§ **Data for this task**
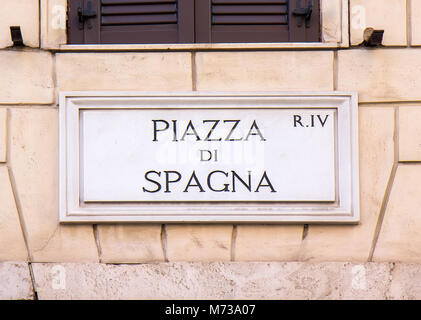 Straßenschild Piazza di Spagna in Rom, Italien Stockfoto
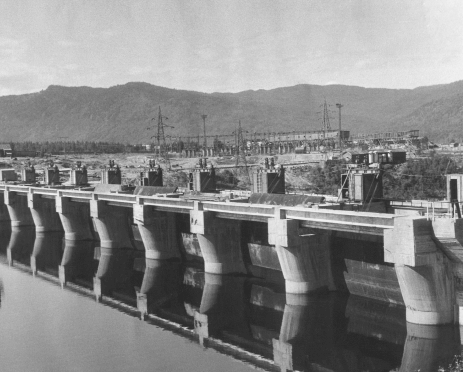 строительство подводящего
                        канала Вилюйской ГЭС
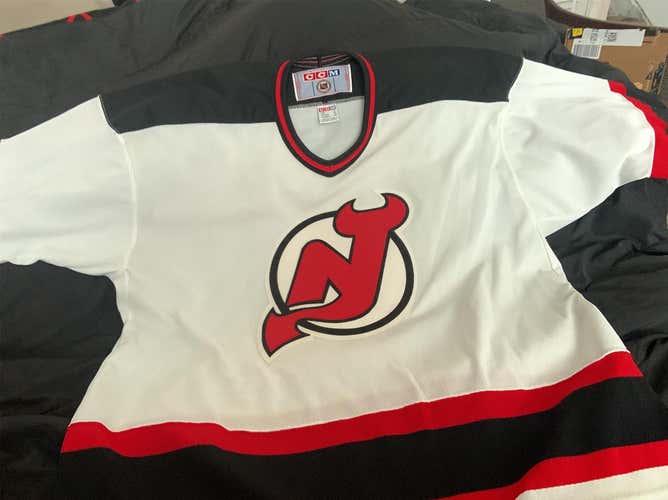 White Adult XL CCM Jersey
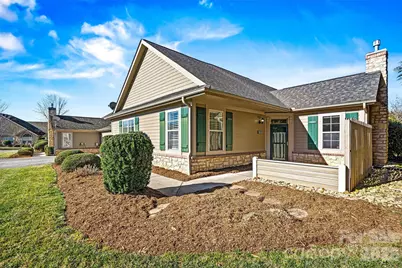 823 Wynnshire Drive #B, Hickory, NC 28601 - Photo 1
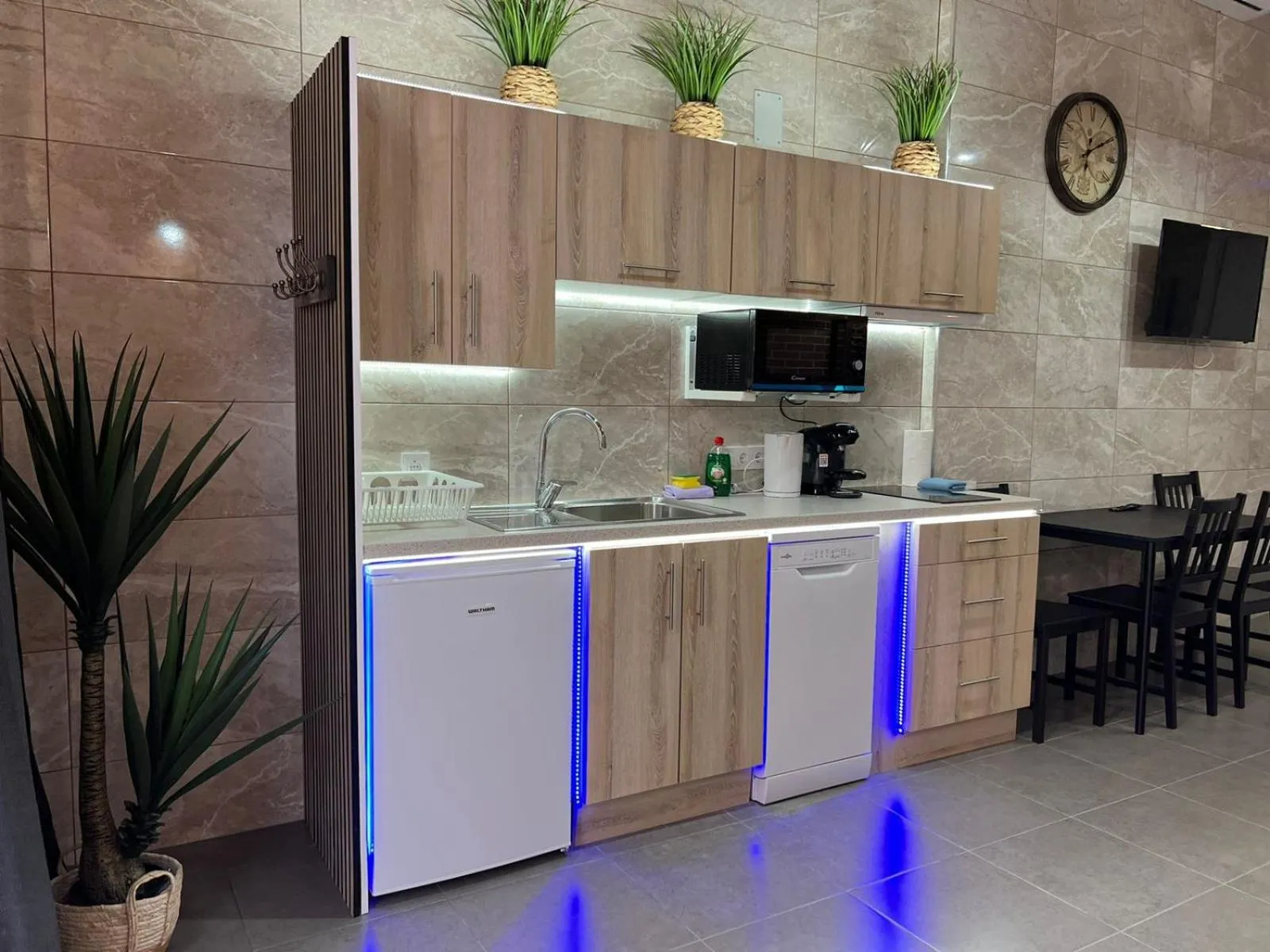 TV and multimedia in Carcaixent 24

§ **Exercise requirements**
No pictures should appear in the copy. Reproduce exactly the lines from the line containing "White Adult XL CCM Jersey" through the last line of the data, inclusive.

§ **Reply to the task**
 White Adult XL CCM Jersey
 823 Wynnshire Drive #B, Hickory, NC 28601 - Photo 1
 TV and multimedia in Carcaixent 24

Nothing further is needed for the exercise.